Quite what influence Chelsea’s win will have on the title race remains to be seen? Spurs bounced back with a hard-fought victory at Sam Allardyce’s resurgent Crystal Palace on Wednesday evening, to keep the gap at four points with five games to play; but with the visit of North London rivals Arsenal in their next game following immediately after Chelsea have visited Goodison Park, it feels very much as if this Sunday could be absolutely pivotal in deciding which of the two goes on to the lift the Premier League trophy.

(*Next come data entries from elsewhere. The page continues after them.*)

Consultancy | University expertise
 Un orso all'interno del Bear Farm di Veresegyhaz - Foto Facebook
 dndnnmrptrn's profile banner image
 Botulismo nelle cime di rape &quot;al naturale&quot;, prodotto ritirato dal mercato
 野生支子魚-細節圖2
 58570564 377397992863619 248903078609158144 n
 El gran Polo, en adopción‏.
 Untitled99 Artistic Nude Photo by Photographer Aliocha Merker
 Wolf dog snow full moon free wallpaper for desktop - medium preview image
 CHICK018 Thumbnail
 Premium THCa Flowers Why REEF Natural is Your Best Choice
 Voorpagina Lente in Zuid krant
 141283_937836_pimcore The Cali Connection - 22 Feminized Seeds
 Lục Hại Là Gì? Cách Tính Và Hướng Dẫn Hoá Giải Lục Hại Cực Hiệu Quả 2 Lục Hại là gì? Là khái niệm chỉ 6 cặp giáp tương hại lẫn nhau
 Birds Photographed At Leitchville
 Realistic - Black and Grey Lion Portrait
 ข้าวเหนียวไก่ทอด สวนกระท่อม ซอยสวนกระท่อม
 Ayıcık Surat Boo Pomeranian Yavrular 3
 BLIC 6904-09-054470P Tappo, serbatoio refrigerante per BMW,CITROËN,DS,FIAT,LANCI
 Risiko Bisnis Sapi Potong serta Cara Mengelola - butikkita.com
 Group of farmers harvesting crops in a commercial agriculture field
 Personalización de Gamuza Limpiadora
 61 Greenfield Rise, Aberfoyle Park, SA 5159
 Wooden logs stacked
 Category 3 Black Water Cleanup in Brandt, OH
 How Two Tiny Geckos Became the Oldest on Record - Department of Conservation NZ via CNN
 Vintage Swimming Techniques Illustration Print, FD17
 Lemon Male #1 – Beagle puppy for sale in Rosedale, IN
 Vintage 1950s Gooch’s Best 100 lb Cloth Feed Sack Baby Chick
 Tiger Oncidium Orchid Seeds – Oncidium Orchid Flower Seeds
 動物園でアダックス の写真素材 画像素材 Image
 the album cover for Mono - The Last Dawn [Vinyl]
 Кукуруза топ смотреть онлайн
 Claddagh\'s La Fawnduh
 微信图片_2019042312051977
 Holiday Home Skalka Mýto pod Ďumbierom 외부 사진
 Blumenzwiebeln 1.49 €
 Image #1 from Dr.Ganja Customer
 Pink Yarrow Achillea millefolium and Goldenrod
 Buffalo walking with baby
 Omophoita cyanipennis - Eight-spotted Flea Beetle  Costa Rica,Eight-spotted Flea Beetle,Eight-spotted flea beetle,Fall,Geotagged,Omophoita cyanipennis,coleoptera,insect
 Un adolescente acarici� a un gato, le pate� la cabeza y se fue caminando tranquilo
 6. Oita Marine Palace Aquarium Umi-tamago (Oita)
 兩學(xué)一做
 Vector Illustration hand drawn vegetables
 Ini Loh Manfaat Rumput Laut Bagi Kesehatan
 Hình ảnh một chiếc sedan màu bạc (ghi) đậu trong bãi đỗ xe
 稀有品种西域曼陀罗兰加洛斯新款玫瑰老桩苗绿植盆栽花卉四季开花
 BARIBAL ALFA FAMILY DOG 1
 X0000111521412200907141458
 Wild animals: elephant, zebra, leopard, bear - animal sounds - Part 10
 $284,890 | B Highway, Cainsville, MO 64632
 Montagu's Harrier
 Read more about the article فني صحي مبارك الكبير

With Pep Guardiola’s Manchester City having largely underwhelmed so far this season and Asène Wenger desperate to salvage something, anything, from the wreckage of 2017; neither side really had any other option than to go with full-strength line-ups in the second semi-final on Sunday afternoon. For us Gooners in attendance in the Wembley sunshine, it felt very much like we were there out of obligation rather than expectation, with tickets for the first time that anyone could ever remember for a semi-final, being a hard sell for the club. In the end it was a long-overdue performance based on grit, resilience, no little amount of good fortune and a scrambled extra time goal from the only true matchwinner in the squad, Alexis Sanchez, that gave Asène Wenger the chance to become the most successful manager in the competition’s history. Wenger will lead his team into the club’s twentieth FA Cup final on May 27th; when, if they can somehow find a way to beat Chelsea it would be a record thirteenth win for the club and seventh for Wenger.
While I was ‘enjoying’ the drama and tension at Wembley, Eredivisie leaders Feyenoord coolly dispatched of Vitesse Arnhem with two first-half goals from top marksmen Nicolai Jørgensen; which piled the pressure on title rivals Ajax in the game that followed. Fatigued from having played 120 minutes in Germany in the Europa League the previous Thursday, the Amsterdammers couldn’t muster a response to Locadia’s 25th minute goal, going down 1-0 to PSV in Eindhoven. Ajax’s defeat all but handed the first title this century to their bitter rivals, with Feyenoord needing just one win from their two remaining games to be crowned Landskampioenen for the first time since 1999; with no league games this weekend due to the Cup Final, the first opportunity to secure the title will come with their trip to lowly cross-city rivals Excelsior a week on Sunday. It can only be imagined what the party will be like in Rotterdam if/when the dream becomes a reality.
When I got home from Wembley, I settled down to watch El Classico which was quite simply a brilliant and thoroughly enjoyable game that had everything; great goals, a red card, drama, controversy, blood, sweat and tears. It is little wonder that that AS newspaper described it as, ‘El Mayor Espectáculo del Mundo’, it really was the greatest show on Earth. The commentary team on Sky Sports in England described Messi as super-human after his stoppage time winner in the Santiago Bernabeu blew the title race wide open once again, his 500th goal in just 577 games certainly suggests that the Argentinian wizard may well just be the ‘best there ever was, the best there is and the best there ever will be’.